HAProxy, NGINX and Rails anyone?

Willy Tarreau w at 1wt.eu
Fri Aug 1 20:00:49 MSD 2008


On Fri, Aug 01, 2008 at 11:44:19AM -0400, Brian Gupta wrote:
> Understood. I was wondering if they had haproxy properly configured. Frankly
> haproxy's docs are really hard to digest for newcomers, and are prolly the
> biggest impediment to growing the user base.

Yes, I know.

> It's one giant text file so you
> basically have to know what you are looking for already. (It's documentation
> geared toward advanced haproxy users and haproxy developers.)

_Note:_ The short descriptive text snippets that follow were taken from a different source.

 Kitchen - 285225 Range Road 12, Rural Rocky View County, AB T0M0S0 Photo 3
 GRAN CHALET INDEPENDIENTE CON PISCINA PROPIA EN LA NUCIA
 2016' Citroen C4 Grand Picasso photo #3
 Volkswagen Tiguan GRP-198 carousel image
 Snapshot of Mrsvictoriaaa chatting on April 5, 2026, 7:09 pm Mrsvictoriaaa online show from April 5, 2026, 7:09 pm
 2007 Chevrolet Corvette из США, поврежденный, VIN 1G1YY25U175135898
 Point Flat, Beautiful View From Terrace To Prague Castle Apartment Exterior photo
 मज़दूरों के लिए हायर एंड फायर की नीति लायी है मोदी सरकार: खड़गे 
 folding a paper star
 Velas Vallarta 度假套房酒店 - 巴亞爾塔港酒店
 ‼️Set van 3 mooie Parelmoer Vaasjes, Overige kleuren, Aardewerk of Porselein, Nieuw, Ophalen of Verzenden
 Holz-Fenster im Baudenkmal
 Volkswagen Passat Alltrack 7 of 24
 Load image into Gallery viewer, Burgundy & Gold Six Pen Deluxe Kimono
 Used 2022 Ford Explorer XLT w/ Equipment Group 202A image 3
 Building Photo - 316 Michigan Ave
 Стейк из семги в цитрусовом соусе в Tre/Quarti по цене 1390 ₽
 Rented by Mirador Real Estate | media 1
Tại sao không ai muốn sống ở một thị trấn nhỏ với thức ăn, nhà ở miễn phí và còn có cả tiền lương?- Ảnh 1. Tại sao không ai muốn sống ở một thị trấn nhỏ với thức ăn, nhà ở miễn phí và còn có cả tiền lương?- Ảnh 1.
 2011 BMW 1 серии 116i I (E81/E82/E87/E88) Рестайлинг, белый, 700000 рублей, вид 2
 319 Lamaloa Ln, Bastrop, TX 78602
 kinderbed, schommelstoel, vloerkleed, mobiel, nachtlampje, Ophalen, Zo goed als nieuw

That's the reason why I want to quickly get rid of the old files, and only
keep the reference manual and the architecture manual, since the later
provides immediate solutions to existing problems, though it's a bit
outdated now (contains no reference to content-switching).

> When things
> slow down a bit, I plan to help out with the Wiki efforts to address newbie
> documentation.

That's much appreciated :-)

> > Now, that said, I know about people who have a handful of machines
> > all saturating gig pipes all the day with moderate CPU usage. And
> > judging by the workload (large transfers essentially, no problem
> > with running one process per CPU core), it should be possible to
> > use a 10 Gig NIC in one single machine. But this case is extreme,
> > as most people serve smaller files. From my first series of tests,
> > you need to serve files larger than 50kB in average to go beyond
> > 5 Gbps (that was about 13000 hits/s). And you needed an average of
> > 500kB to reach 9 Gbps.
> 
> 
> I thought you had posted that you saturated a 10G NIC somewhere? (Maybe I
> misunderstood/misremembered something.)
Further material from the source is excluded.